WHAT YOU ARE ASKED TO DO:
With the pictures removed, please write out every line below exactly as given.

DATA FOR ANALYSIS:
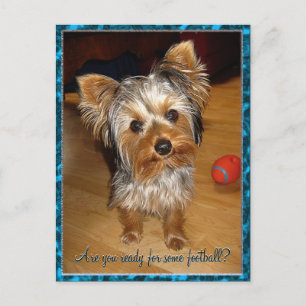 Are you ready for some Football? Postcard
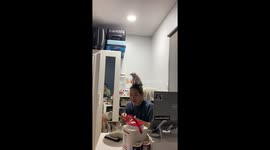 Kitten calmly sits on owner's head as she peels fruit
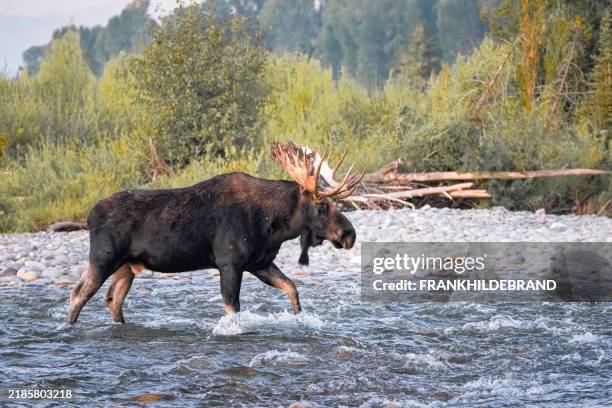 lac moose - parc national du grand teton photos et images de collection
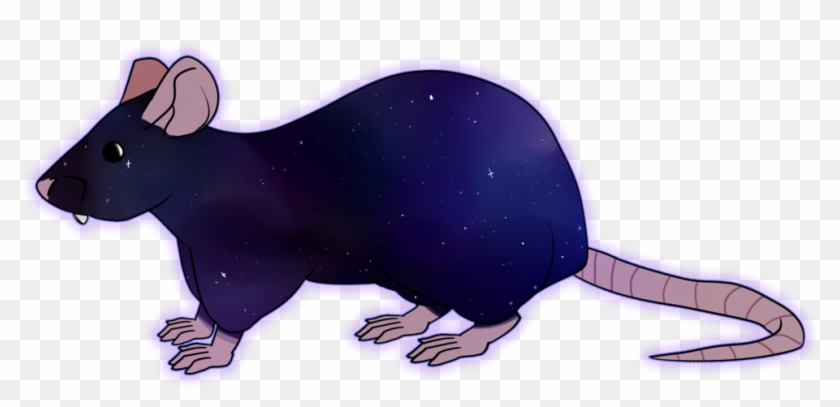 Galaxy Rat By Toodlenoodle - Drawing #543018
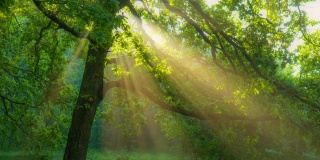 早晨的阳光从绿色的橡树枝头照射出来。绿色的森林与温暖的阳光照亮橡树。万向节高质量拍摄。夏季天然林概念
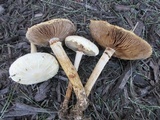 Agrocybe molesta image
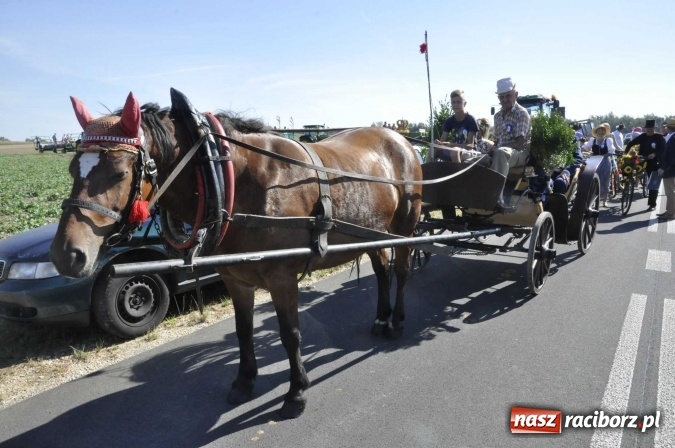 Zdjęcie w galerii na portalu naszraciborz.pl: Dożynki 2016. Praczki Słowianki z Żerdzin i dżentelmeni z Pawłowa w korowodzie na gminnych dożynkach w Makowie wiadomości z regionu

RESPONSE BOX:
 Are you ready for some Football? Postcard
 Kitten calmly sits on owner's head as she peels fruit
 lac moose - parc national du grand teton photos et images de collection
 Galaxy Rat By Toodlenoodle - Drawing #543018
 早晨的阳光从绿色的橡树枝头照射出来。绿色的森林与温暖的阳光照亮橡树。万向节高质量拍摄。夏季天然林概念
 Agrocybe molesta image
 Zdjęcie w galerii na portalu naszraciborz.pl: Dożynki 2016. Praczki Słowianki z Żerdzin i dżentelmeni z Pawłowa w korowodzie na gminnych dożynkach w Makowie wiadomości z regionu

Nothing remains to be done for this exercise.